For it is too easy to describe him as a theatrical artist. Sickert started out on the stage, after all, playing minor roles for the actor-manager Sir Henry Irving. His art is undoubtedly garrulous, ostentatious, even sensational. He painted London theatres over and again: tiers of balconies rearing upwards like vertiginous cliffs, workers pressing precariously through the railings in the gods, rows of dark faces barely lit by the limelight far below.
The singer Ada Lundberg belts it out to a gawping crowd at Marylebone music hall. In the footlights of the Tivoli, the actor Minnie Cunningham turns into a glowing scarlet ghost. Tate Britain is showing Sickert’s 1906 Gallery of the Old Mogul, in which the black backs of men craning forwards to see block out all but a corner of luminous grey screen: what may be our first painting of a movie. In later life he even painted scenes from productions of Shakespeare.
But the question is what Sickert is staging in his own theatre, that dank land of rented rooms, sickly streets and gaslit pubs where men and women are at stalemate.
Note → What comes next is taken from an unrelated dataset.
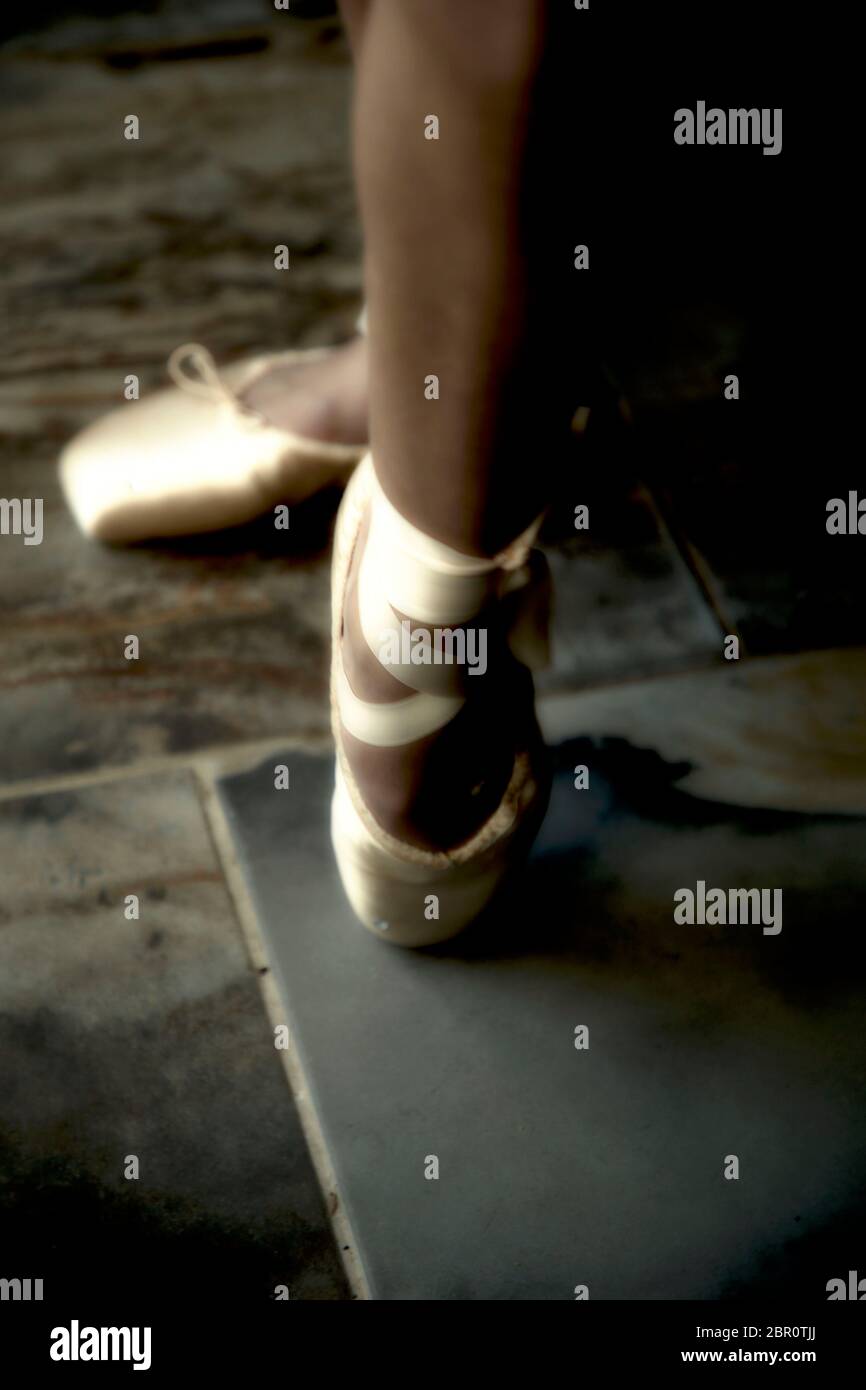 ballet shoes for walking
The aesthetic origins are clear enough. Sickert – half Danish, student of Whistler, friend of Degas, admirer of Bonnard – continually aspires to European modernism. The debts are everywhere visible in the show. The most famous painting here, Ennui, pays direct homage to Degas’s drinkers stalled over their absinthe in Paris cafes with more than just its French title.
Five feet high, it is an immense snapshot of suicidal boredom. The glassy-eyed man lolls over his half-empty pint at the table; the woman leans on the chest of drawers, staring straight at the imprisoning walls. Next to her is a case of stuffed birds, trapped in a bell jar of their own. “It is all over with them,” wrote Virginia Woolf, imagining that innumerable dull days had crushed them like “an avalanche of rubbish.”
But the scene is conspicuously staged (to be reprised four more times), and eagle-eyed visitors will recognise the same models in other paintings. Hubby, as he was called, seems to have been an acquaintance of Sickert who had fallen on hard times; Marie was his cleaning lady. He has these working people pose again and again.
Hubby is just edging out of the scene on the way to the pub, just arriving, or terminally slumped. He reappears, with his sleeves menacingly rolled, over a naked woman on a bed in one of the so-called Camden Town nudes. Tate Britain has not shied away from showing a whole gallery of these paintings, which are shot through with suppressed malevolence – a horrible aura of voyeurism, encroachment or outright violence.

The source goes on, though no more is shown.